Her Campus uOttawa had a chance this week to interview two ladies who are a part of an organization that aims to provide education to youth in Congo. They are changing the lives of these children for the better. I had a quick chat with Nicole and Leah, the co-presidents of the foundation, who are both studying International Development and Globalization.
HC: What is the Nyantende Foundation?
Nicole: We are the University of Ottawa Chapter of the Nyantende Foundation. It is a grassroots organization started by two Queen’s University students and a native of Nyantende. Our aim is to empower Congolese youth living in the greater Nyantende area by enrolling them in local elementary, secondary and post-secondary schools. As government institutions are largely absent in the Congo’s Eastern region, families are forced to pay monthly fees in order to enroll their children in local schools.
Leah: A significant percentage of the adult population are without stable income, youth often remain on the streets with no means to pursue an education. By subsidizing the cost of their schooling, the Nyantende Foundation seeks to give Congolese youth the means to improve their capacities and attain the freedom to pursue a life they have reason to value. The foundation currently supplements the cost of enrollment for 236 boys and girls at 24 academic institutions in Bukavu and the Greater Nyantende area.
HC: When did this project start?
Nicole: The foundation itself was created in 2010 at Queen’s University in Kingston, Ontario. Since then it has been certified as a non-profit organization by Queen’s University, the Ontario government and the Congolese government. We opened the uOttawa chapter in the early 2014.
Leah: A little fun fact, the foundation will be turning 5 years old this November.
HC: What are the objectives more precisely?
Leah: Every year the goal is to raise enough funds to keep the youth in school who benefited from this program in previous years. Now that the organization is more established we can take on exciting and ambitious projects. This November we are joining Queen’s in their efforts to raise $40,000 to build, maintain, and staff an Educational Technological Centre (ETC).
Nicole: Indeed, the students in Nyantende have a computer skills class they must complete, however, because of the lack of accessible technology not a single student who graduates will ever touch a computer or experience the Internet.
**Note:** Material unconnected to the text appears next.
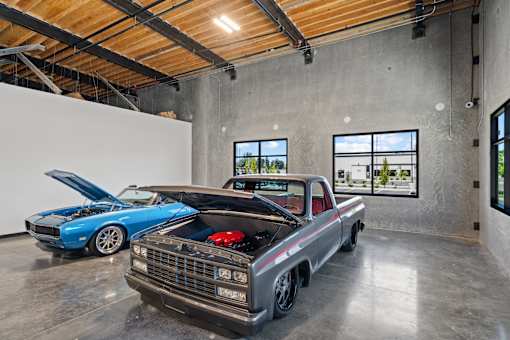 Two cars are parked in a garage with their hoods open.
This centre would give secondary school students the opportunity to gain computer and technology skills which will further their education and help them create a connection with the global world increasing their chances of having a brighter future.
HC: Just out of curiosity, is the foundation a club within the SFUO?
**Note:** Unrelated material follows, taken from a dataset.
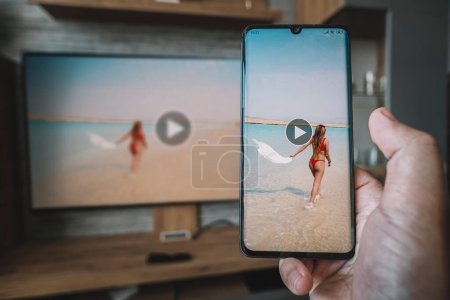 Photo for Male hand holding a smartphone against view of living room with a large screen TV. Use wi fi to transfer images from phone on the monitor screen. Viewing video from your smartphone on your TV. - Royalty Free Image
Nicole: Yes, our chapter is a club within the SFUO.
Leah: You can find us on the SFUO clubs list under philanthropic!
HC: How many members does your chapter have and what are their roles?
Nicole: We have a current executive team of seven: two co-presidents, VP administration, VP finance, VP social/Marketing, and two event coordinators and our general members.
Leah: Nicole and I are the co-presidents. We oversee the other executive members as well as maintaining relations with the founders and the Queen’s chapter. Our other executives are a close knit group who manage everything from event preparation to execution. We’ve also been lucky to have a few loyal general members who give so much time to making our fundraising events a success.
Left to right: Nicole, Leah, Marcie, Rebecca, Julaine and Kaitlyn
HC: Why did you want to get involved with this project?
Nicole: The project is very close to my heart. My family is actually from Nyantende, I moved to Canada when I was 12 years old. I am fortunate enough to live in a great country with great access to education. That is what I want for the youths of my country: to get an education in order to build up our country.
Leah: Nicole approached me and told me about this incredible organization that she wanted to carry over to uOttawa’s campus. I had been looking for a group that I could join for a long time and figured my previous leadership experiences would help the team she was putting together succeed. As a bonus, I am able to see the inner workings of an NGO from the point of creation to take-off and it has given me a valuable insight into the theories I have learnt in university.
Nicole: Being in International Development has opened up my eyes to how unequal access to education truly is. Another thing that really drew me to the Nyantende Foundation is the nearly equal enrollment of both boys and girls.
Leah: Also, I was drawn to the Nyantende Foundation because it is an organization that preserves community engagement, autonomy, transparency, and human dignity. When you donate, the money is not assigned to a specific childlike sponsorship programs, instead it is assigned to the school where tuition is first covered and supplies for the students, then is spent on improving classrooms. Nyantende is not just providing education, but also equal opportunities for boys and girls to become active global citizens and members of their communities.
We hope they do well in their mission and reach their goal this year!